Alteryx stores data in both RAM and a temporary location on disk. Minimising the use of ‘swapping’ between the two when dealing with large datasets can save a lot time.  Alteryx performs optimally when all of the data can be kept in RAM during processing.  Generally, RAM is the fastest storage to access, while SSDs and regular HDDs are a magnitude slower than RAM. Before you can work with data, a computer has to load it into RAM (and consequently write much of the data currently in RAM to the disk). This is what is termed as the ‘swap’.  

It’s fortunate that Alteryx is very efficient at keeping data in memory for as long as possible.  It will look ahead in your stream to see how far it can get, and often load, process, and begin to write a smaller set of records rather than try and load the entire dataset into memory before beginning processing.  When it reaches a point where it can no longer process the data it has in RAM without processing other data, it will write out its RAM contents to an Alteryx temp file (much like the traditional way that computers use the ‘swap’ or ‘pagefile’).

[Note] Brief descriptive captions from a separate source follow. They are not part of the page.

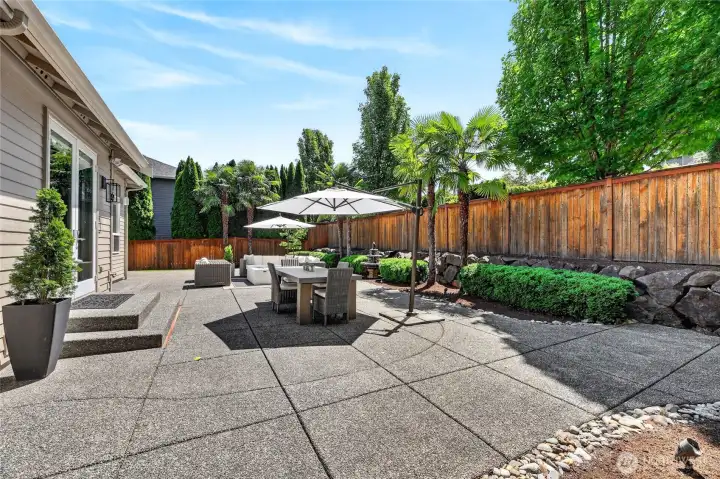 Expansive Backyard w/ exterior lighting, speakers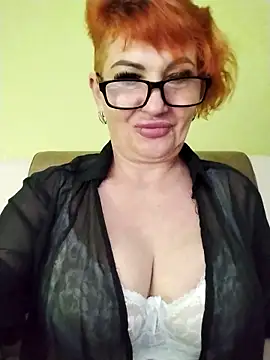 Snapshot of Alissa55552111 chatting on May 16, 10:36 am Alissa55552111 online show from May 16, 10:36 am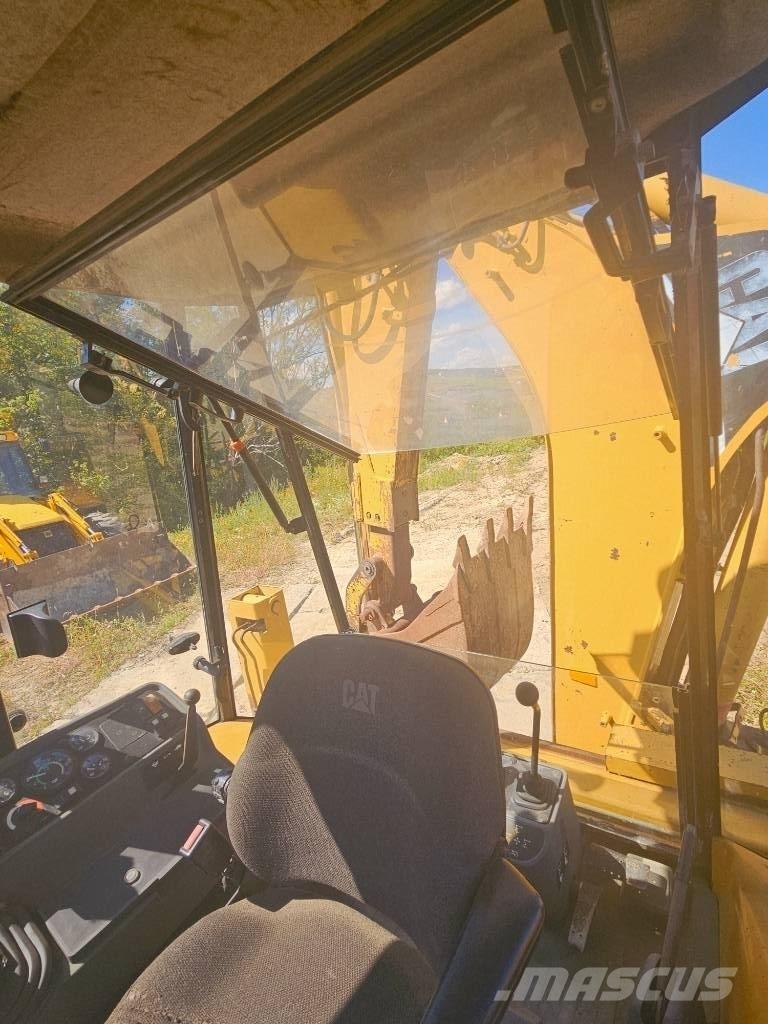 CAT 428 C Utovarni rovokopači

Alteryx Discussion Board User

There are a few ways to help keep your data in memory:

  1. Use Select and Filter Tools Keep only the fields or records that you need. Do this early in your process, and keep trimming as things become unnecessary.  This is true of all data processing regardless of environment.
  2. Use enough RAM – If you are running multiple workflows simultaneously ensure you are allocating enough RAM to each of them based on what each will need.  This can be tricky to achieve with large datasets, and especially when you want to run multiple streams simultaneously.
  3. Use fast storage – Set your temp file location to your fastest source of storage. If you have the option, set it to an SSD.  You’ll see an immediate increase in performance.
  4. Limit the use of block until done – Because Alteryx tries do look ahead processing down stream putting block until done can reduce the efficiency with which Alteryx can handle the data. So minimise the amount of ‘checkpoints’ that require all data to be processed before it can continue. Only use the block until done tool sparingly.
  5. Limit Sorts & Joins …

Sorts & Joins

Sorts and joins are usual suspects for bad performance because it hits on both RAM and processing power, and can often be a ‘checkpoint’ in your workflow.  Alteryx will pick up on the fact that data is already sorted, especially if it’s sorted by a key value going into a join (so sort on the way out of the database if you can!)  If you have to join multiple data streams together, it is usually best to use a Join Multiple rather than a series of regular Joins.

Use Index Keys

The concept of using Index Keys is to replace columns of large data types with a much smaller data type (to act as an index to limit the amount of data you need to process). So if you have a large text string as the key, replace it with an integer key early in the process (before running a crosstab, transposition, join etc.). Rejoin the large key when you need it afterwards.  It may not save you much with a 10 byte string, but it definitely saves you time with a large key.  That said, see if you can minimise crosstabs and transpositions, as they are also inherently expensive.

All said …

“Premature optimisation is the root of all evil.”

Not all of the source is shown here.